Automotive is one where Ford is taking a great leadership position to do some real pioneering research. The Internet is such an important part of the car buying process. There’s so much on the line that you’d think there’d be a lot more intense research in the automotive category.
Those are the two where I think there have been some notable leaders doing research, but the whole categories should be doing a lot more.
eMarketer: So far, when leaders have come out with a public study, do you tend to see a few competitors calling you and at least considering it?
RB: Certainly. To me, the best indicator of how sophisticated they are is before that research comes out. After the research comes out, it becomes a little more about competitive jockeying. You don’t want somebody too much of a competitive advantage because they have a better measurement system. It’s not surprising that our phone rings after a study comes out; the others want to be briefed on it.
There is so much on the line in those two categories. I guess you could throw in entertainment as another where the Internet, as an element of the advertising mix, is fundamentally changing the whole way that someone goes about buying. I look at those areas and just ask the question, “Why aren’t companies in this area completely driving most of their marketing based on real, tangible metrics?”
There are some categories where it’s really hard to do metrics and you really can’t get very good measurement. A good example is confections. You can probably carve out a handful of exceptions, but the vast majority of marketing categories can be very accurately measured.
I should be really clear on our side. We talked about the Internet because that would be of more interest to your readers, but we spend much more time measuring traditional media like television and magazines. Even in those cases, I have to tell you that many of those marketers don’t have a very strong discipline for measurement. Many of them have tracking studies in place, but tracking studies are now a little over 30 years old in terms of the overall methodology design, so they were designed in an era when media was not as fragmented as it is today. Most of the tracking studies aren’t integrated into actually measuring return on marketing investment. All of those companies, with the amount that they’re spending on television and so forth, should have much more of a discipline about measurement. XMOS is certainly one of those.

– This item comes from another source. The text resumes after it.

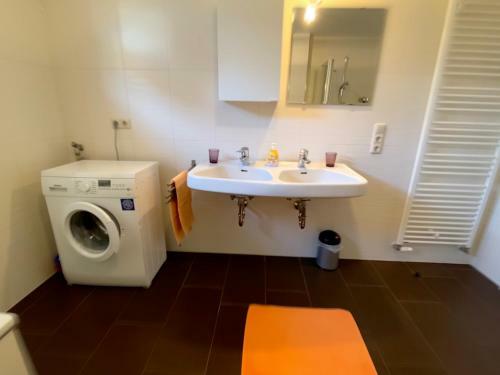 Apartamento Moderne Helle Wohnung (120 Qm) Mit Gro�em Garten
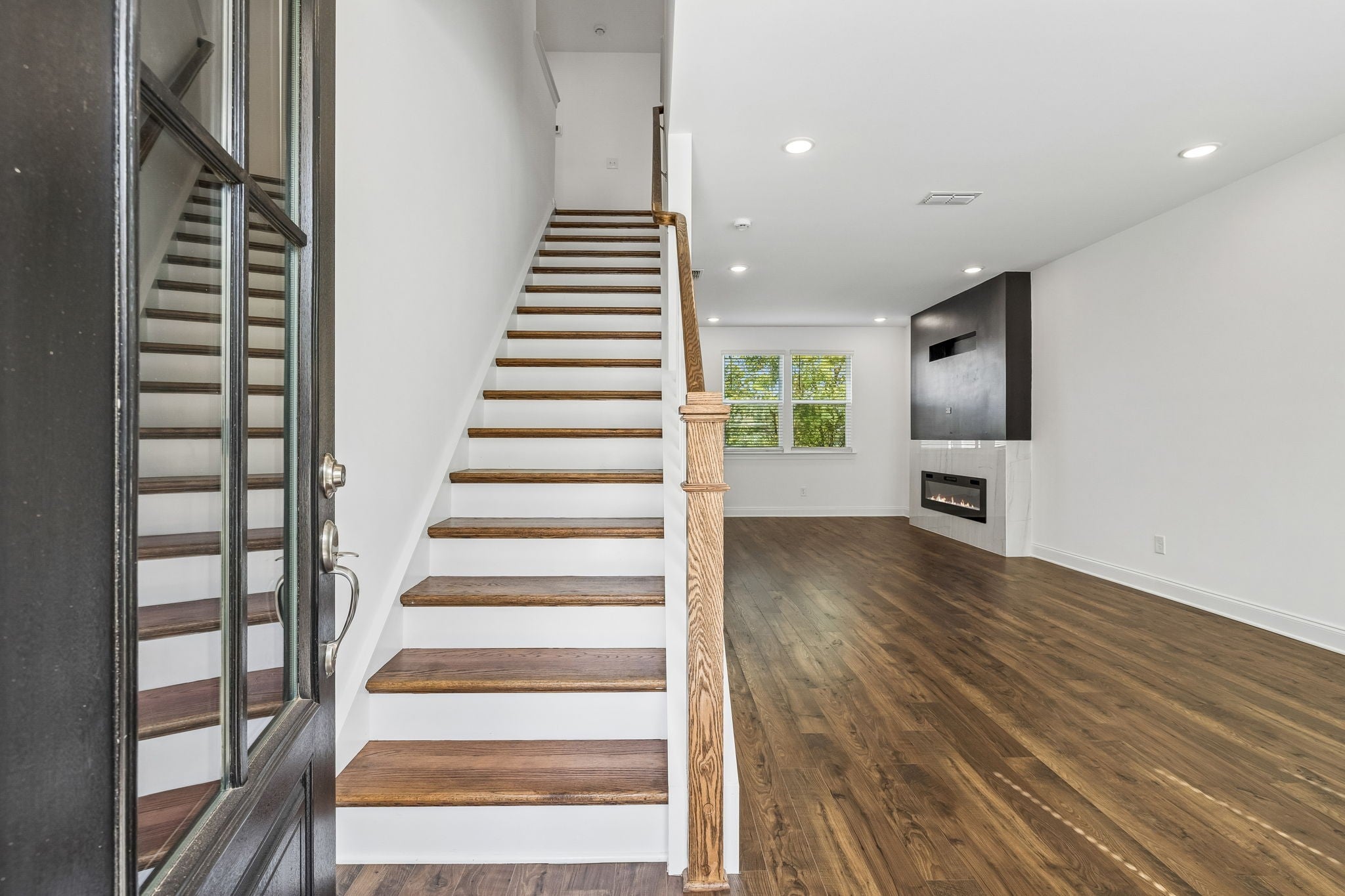 2305 Aniston Ct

I think that we are at the transition point for a lot of marketers. Many of them are shifting over to this much more systematic way of measuring and reporting on the success or failure of their campaign. The Internet certainly benefits by that being measured because of the Internet works, and it generally does, it will benefit by marketers being much more disciplined about measuring what works and what doesn’t work, and where they’re getting the best ROI. Yet so will television and so will magazines because usually television works and usually magazines work, and now it’s a question of how much should you be paying for each of those media. What percentage of your media should be dedicated to each of those?
I don’t know what the final answer is or how long it will take the transition to happen, but I do see that a lot of marketers are now open to the question of measuring effectiveness in a quantitative way rather than counting the number of awards. I think that’s a very healthy transition for business in general.